Top of Source data
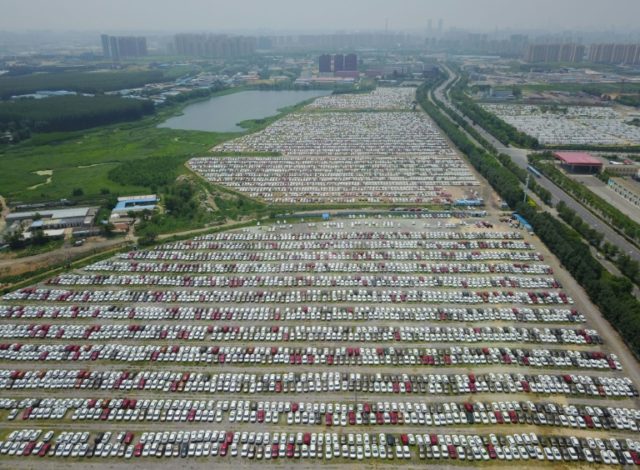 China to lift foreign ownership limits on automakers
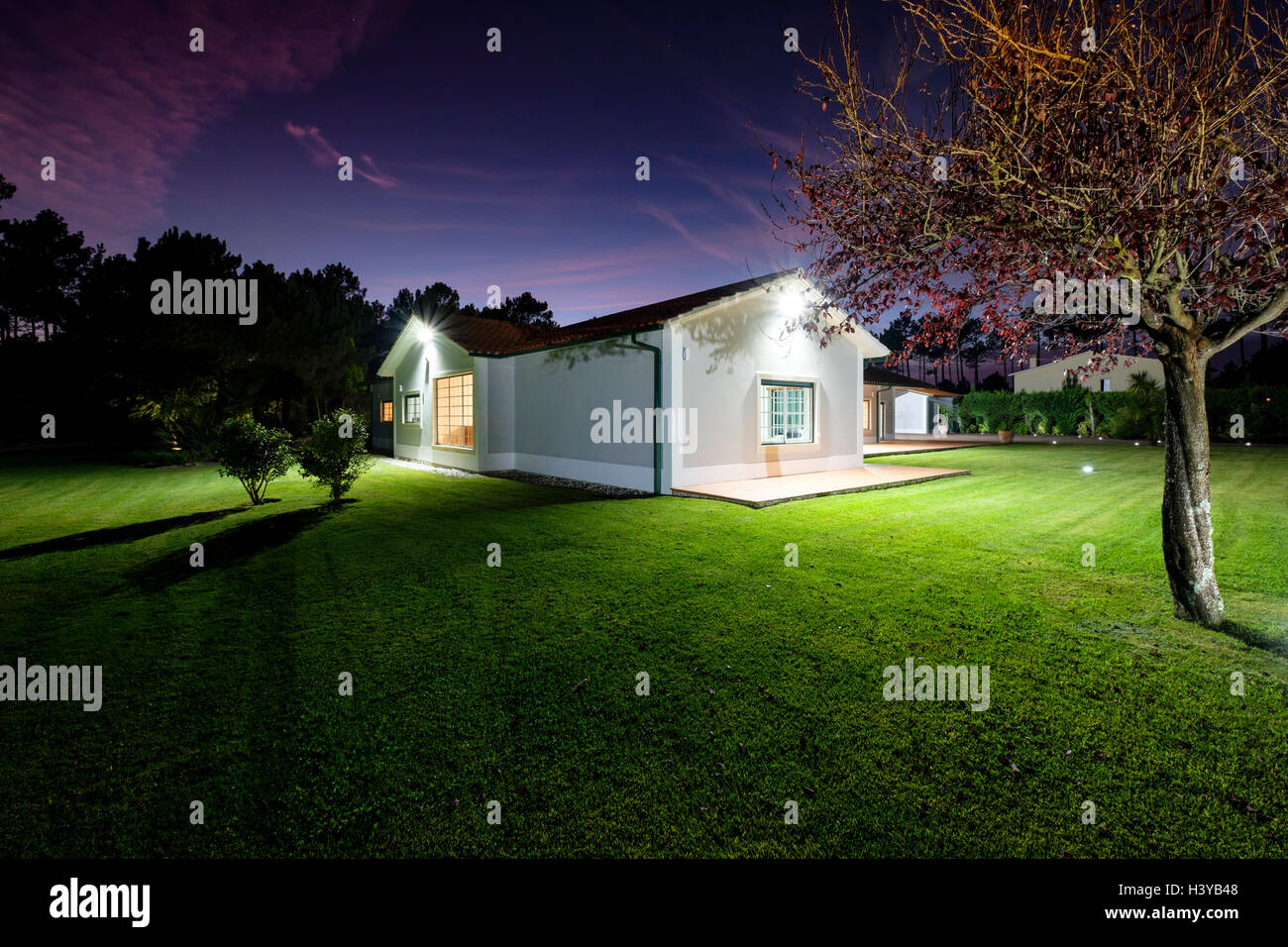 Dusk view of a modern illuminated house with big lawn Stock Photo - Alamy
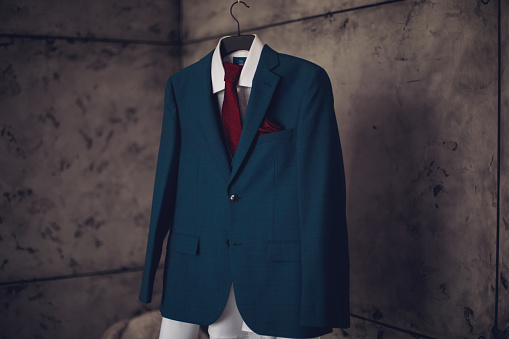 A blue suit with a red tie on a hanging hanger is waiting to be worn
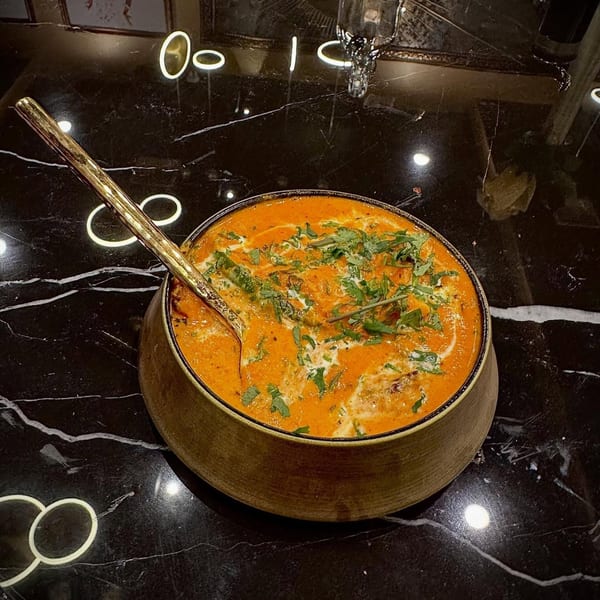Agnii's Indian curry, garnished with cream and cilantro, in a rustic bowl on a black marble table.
Bottom of Source data
■ Problem details
Give back an exact copy of only the lines from the one with "A blue suit" through the final line of the material, both included. Pictures do not belong in it.

■ Written response
 A blue suit with a red tie on a hanging hanger is waiting to be worn
Agnii's Indian curry, garnished with cream and cilantro, in a rustic bowl on a black marble table.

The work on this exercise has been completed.